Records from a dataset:

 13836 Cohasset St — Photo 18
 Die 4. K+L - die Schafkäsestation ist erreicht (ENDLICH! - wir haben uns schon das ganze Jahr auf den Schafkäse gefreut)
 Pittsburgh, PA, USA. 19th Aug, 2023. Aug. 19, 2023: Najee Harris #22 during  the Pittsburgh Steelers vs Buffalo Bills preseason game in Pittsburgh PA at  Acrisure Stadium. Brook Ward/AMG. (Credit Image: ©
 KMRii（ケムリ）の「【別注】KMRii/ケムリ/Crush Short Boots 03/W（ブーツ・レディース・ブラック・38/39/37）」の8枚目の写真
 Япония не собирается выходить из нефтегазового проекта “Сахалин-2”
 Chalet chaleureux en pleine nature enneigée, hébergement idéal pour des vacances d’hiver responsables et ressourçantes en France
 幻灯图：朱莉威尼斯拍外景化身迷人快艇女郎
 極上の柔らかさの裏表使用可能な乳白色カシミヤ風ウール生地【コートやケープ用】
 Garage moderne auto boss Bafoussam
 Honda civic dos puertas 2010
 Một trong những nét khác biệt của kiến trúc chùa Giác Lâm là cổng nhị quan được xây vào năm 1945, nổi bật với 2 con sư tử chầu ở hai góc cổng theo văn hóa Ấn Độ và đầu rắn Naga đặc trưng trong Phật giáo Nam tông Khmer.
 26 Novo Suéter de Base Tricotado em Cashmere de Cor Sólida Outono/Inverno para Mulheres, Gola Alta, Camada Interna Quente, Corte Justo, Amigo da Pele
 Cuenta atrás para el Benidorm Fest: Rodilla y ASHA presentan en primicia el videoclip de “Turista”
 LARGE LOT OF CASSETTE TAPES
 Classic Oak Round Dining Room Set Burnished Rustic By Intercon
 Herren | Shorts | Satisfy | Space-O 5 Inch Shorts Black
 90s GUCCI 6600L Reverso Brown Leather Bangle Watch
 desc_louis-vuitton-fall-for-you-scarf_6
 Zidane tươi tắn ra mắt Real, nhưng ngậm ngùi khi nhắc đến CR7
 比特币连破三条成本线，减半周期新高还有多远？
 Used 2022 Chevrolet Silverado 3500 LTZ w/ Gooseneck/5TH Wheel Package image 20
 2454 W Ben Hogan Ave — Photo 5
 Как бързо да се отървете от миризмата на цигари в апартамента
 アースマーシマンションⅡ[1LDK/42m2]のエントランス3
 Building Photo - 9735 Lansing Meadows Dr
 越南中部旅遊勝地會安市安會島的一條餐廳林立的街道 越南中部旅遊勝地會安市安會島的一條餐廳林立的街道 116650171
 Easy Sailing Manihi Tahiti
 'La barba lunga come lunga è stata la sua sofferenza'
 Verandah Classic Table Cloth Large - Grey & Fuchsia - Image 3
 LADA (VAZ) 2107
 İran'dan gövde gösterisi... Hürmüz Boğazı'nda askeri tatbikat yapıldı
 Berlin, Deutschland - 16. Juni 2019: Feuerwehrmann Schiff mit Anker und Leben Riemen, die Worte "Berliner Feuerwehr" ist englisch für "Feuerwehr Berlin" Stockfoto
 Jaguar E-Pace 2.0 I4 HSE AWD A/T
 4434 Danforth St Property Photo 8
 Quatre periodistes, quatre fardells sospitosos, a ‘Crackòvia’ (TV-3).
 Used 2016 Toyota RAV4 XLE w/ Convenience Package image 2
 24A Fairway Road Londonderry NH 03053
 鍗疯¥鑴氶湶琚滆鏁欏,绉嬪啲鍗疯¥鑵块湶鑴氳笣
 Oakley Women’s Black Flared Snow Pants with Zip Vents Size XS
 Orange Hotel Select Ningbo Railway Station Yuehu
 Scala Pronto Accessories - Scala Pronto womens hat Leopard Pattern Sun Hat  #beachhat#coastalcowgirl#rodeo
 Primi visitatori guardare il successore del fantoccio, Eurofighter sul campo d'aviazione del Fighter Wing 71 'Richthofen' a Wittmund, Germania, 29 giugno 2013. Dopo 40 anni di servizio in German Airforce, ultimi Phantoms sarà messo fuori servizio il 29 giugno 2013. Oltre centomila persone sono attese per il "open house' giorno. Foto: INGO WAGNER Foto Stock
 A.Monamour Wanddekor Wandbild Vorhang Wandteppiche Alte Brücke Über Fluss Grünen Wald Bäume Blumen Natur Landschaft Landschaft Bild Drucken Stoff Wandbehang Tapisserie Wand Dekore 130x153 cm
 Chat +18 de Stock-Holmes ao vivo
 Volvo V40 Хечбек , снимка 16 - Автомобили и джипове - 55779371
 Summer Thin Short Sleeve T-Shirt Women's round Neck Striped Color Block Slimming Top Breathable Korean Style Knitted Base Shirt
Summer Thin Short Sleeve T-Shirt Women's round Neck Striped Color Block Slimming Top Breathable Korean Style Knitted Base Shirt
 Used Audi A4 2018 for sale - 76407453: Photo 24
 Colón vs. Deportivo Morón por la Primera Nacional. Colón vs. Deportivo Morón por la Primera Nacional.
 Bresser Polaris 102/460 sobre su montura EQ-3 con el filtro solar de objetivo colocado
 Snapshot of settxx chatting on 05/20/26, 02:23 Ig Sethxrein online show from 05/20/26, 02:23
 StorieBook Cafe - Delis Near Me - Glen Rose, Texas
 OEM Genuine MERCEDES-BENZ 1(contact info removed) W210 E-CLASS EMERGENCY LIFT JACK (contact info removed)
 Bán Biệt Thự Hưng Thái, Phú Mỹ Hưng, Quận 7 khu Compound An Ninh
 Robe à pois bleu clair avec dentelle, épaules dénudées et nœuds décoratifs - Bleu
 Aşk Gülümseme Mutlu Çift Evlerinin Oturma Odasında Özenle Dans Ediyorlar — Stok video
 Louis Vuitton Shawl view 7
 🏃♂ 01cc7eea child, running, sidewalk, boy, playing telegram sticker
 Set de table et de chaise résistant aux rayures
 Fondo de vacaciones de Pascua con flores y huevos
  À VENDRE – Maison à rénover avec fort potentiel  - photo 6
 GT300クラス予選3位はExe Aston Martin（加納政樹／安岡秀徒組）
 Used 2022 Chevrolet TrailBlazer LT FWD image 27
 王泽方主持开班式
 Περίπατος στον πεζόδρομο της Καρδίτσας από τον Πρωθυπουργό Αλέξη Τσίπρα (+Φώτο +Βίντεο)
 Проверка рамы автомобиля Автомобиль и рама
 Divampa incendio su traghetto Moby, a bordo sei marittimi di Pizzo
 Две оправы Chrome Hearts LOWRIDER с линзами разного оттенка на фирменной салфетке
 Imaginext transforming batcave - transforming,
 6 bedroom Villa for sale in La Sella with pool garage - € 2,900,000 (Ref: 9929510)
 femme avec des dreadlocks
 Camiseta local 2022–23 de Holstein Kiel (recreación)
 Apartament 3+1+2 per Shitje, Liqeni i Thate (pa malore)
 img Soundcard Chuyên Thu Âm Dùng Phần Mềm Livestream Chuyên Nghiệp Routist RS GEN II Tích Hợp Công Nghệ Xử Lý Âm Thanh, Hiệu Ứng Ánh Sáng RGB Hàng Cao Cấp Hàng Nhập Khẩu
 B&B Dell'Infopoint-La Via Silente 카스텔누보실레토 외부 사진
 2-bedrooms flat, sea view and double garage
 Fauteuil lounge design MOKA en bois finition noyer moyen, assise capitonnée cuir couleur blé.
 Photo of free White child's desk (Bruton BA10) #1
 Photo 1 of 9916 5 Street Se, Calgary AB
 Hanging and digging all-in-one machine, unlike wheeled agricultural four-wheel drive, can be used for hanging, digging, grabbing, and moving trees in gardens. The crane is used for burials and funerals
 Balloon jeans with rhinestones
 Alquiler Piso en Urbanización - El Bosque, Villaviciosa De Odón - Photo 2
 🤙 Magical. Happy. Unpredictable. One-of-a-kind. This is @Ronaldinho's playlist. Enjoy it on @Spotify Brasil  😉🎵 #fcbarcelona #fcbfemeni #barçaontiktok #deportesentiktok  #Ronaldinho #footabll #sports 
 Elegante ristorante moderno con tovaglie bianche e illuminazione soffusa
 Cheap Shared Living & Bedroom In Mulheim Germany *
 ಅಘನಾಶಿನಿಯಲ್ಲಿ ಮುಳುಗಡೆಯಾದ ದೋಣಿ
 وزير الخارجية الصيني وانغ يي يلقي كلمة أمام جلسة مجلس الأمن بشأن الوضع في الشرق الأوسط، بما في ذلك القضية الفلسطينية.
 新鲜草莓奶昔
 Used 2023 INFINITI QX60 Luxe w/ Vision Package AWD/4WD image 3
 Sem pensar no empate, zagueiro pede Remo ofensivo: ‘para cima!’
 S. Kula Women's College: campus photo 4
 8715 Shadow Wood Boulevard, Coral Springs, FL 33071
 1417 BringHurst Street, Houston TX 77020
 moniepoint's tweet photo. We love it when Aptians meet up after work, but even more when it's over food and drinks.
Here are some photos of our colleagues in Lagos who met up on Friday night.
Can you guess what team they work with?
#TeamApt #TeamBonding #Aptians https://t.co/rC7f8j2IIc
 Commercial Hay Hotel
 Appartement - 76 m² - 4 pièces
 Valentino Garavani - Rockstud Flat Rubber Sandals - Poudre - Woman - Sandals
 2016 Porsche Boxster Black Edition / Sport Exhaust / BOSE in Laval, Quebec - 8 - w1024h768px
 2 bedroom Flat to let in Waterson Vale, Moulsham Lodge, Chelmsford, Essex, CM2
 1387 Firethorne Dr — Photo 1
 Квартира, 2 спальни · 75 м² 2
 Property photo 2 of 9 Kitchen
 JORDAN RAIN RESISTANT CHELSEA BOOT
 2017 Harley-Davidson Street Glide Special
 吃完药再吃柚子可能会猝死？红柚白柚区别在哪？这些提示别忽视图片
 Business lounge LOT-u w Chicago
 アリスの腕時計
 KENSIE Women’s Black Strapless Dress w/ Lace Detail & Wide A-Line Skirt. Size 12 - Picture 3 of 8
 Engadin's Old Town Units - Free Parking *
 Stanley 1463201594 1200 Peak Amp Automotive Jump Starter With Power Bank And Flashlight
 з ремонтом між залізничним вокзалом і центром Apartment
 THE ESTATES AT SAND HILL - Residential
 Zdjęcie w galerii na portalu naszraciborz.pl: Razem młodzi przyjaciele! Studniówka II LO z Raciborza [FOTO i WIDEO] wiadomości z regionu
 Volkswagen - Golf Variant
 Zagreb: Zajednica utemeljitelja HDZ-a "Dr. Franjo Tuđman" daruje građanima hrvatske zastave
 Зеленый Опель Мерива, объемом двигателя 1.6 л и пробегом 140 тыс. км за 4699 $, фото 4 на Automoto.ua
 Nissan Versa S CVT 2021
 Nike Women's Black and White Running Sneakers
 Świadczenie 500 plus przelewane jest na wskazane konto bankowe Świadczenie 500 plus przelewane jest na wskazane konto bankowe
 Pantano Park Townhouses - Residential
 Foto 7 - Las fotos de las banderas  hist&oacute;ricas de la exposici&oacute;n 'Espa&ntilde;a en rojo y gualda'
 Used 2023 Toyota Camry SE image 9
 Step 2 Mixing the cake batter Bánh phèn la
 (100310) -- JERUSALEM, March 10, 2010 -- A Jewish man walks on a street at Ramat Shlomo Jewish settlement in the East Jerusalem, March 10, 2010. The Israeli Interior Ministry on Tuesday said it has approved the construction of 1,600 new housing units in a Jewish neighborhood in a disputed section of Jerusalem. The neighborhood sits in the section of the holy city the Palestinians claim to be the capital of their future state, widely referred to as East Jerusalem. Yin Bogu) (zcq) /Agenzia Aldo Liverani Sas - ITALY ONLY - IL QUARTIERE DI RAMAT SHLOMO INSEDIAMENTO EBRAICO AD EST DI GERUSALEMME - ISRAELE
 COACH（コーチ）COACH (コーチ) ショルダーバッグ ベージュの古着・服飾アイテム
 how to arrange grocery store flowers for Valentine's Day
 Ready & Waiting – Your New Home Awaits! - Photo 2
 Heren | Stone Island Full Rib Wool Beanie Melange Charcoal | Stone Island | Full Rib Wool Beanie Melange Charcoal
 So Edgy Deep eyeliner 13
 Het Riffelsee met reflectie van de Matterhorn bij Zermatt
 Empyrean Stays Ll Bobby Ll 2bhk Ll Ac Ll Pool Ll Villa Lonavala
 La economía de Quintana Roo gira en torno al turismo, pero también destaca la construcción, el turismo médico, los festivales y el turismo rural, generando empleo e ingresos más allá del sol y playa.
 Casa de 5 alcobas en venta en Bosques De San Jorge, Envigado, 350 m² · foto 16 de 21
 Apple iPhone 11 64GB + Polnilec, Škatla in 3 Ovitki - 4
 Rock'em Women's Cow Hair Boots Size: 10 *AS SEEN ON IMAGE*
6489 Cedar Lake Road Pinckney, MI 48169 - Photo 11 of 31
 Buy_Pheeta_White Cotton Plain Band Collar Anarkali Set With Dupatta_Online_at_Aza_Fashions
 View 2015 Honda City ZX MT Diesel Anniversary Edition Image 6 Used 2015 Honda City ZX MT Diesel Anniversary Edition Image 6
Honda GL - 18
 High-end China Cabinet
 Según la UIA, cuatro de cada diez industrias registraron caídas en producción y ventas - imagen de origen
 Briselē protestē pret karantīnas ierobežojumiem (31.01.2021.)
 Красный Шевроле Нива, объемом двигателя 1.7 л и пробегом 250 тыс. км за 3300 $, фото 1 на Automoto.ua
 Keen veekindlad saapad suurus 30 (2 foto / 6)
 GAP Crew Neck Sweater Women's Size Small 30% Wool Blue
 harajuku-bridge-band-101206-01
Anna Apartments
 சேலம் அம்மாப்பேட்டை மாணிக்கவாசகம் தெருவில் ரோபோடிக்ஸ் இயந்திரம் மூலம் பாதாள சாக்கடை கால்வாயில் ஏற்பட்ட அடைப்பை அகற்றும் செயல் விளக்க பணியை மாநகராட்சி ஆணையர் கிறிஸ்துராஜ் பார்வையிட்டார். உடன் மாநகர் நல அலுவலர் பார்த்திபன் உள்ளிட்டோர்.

WHAT YOU ARE ASKED TO DO: State the number of lines in the data above that include the word "Block", leaving out any other words.

RESULT FOR THIS EXERCISE: 2